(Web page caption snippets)

##############################

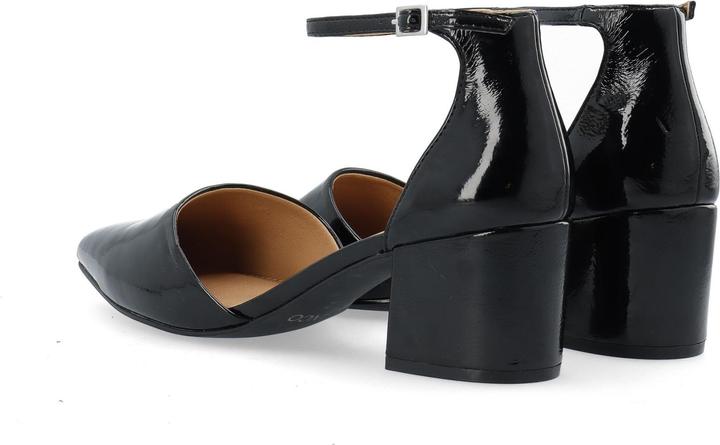 Actual product image Bianco BIADEVIDED Pumps (42)
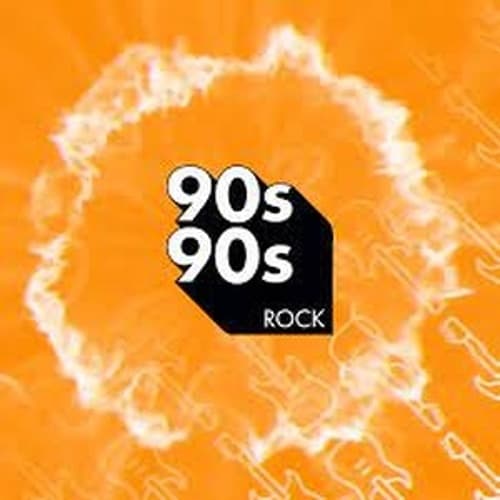 90s90s - Rock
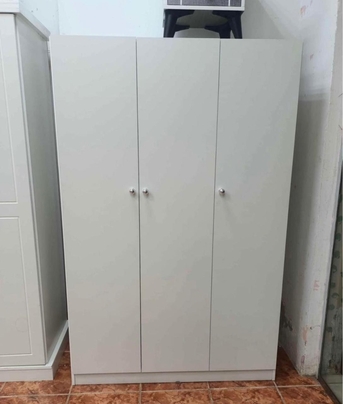 Jeddah, Furniture, SAR 5,  All Kinds Of 3 Doors Wardrobe 4 Doors Wardrobe And Dressing Table Available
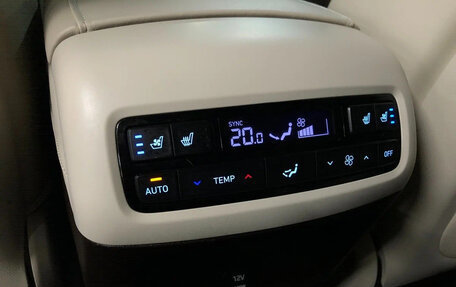 Hyundai Palisade I, 2022 год, 2 900 000 рублей, 11 фотография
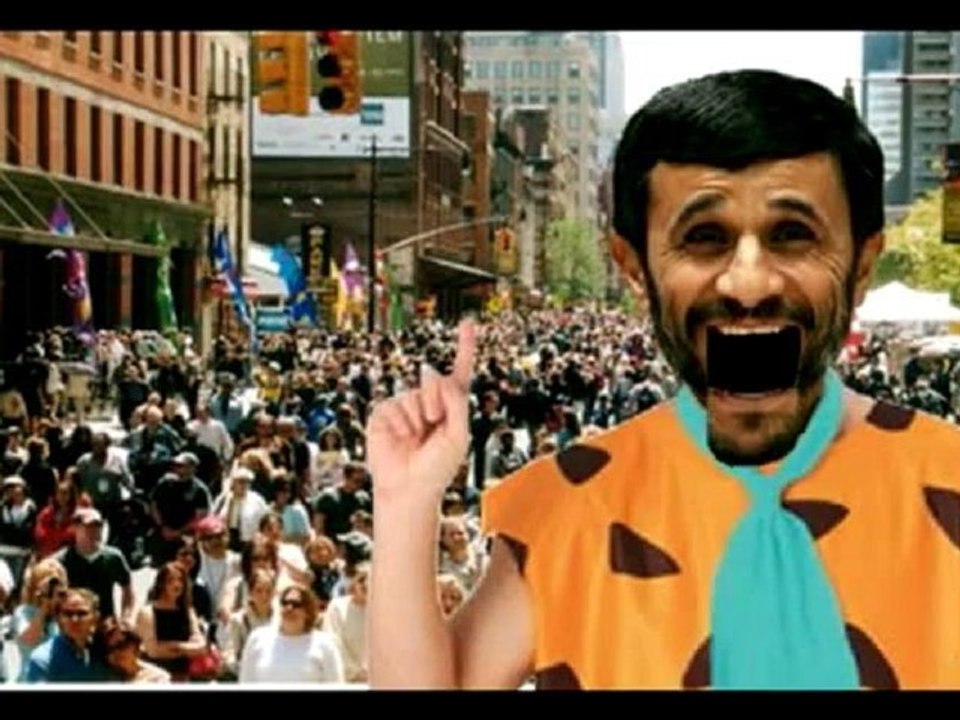 Poker Face PARODY Jihad Me @ Hello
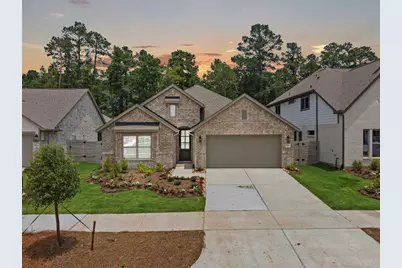 9166 Grand Jubilee Drive, Montgomery, TX 77316 - Photo 1
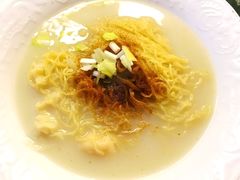 -翠华餐厅(旺角文华商场店)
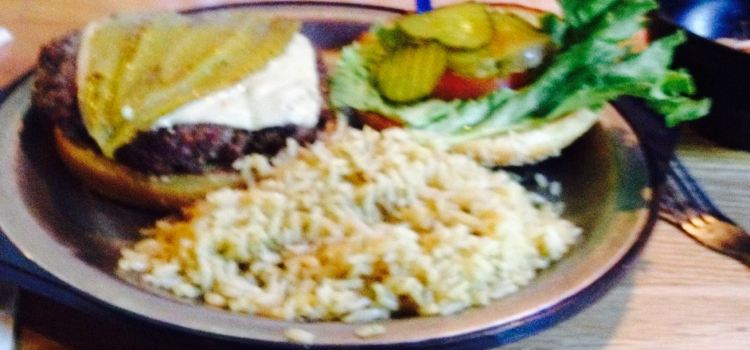 JD's Grill House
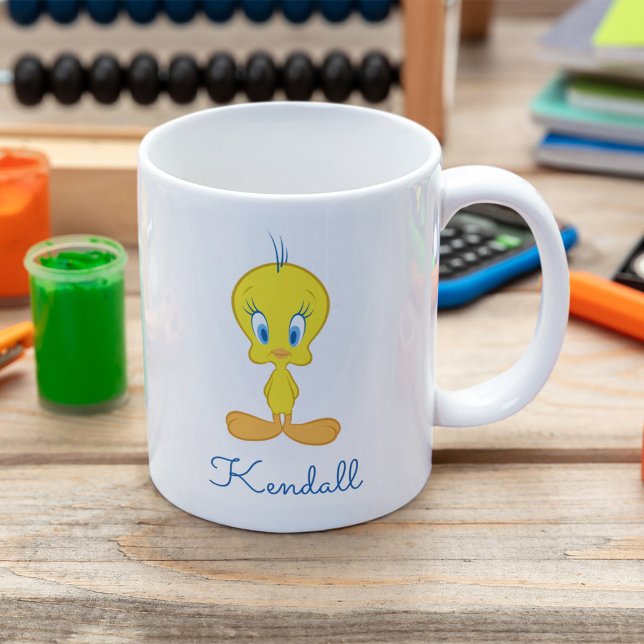 TWEETY™ | Onocent Little Bird Mugg (Skapare uppladdad)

##############################

What the task asks: Return only the line with "Poker Face PARODY Jihad Me @ Hello" and the lines after it up to the end of the records, exact and free of pictures.

Solution to this problem:
 Poker Face PARODY Jihad Me @ Hello
 9166 Grand Jubilee Drive, Montgomery, TX 77316 - Photo 1
 -翠华餐厅(旺角文华商场店)
 JD's Grill House
 TWEETY™ | Onocent Little Bird Mugg (Skapare uppladdad)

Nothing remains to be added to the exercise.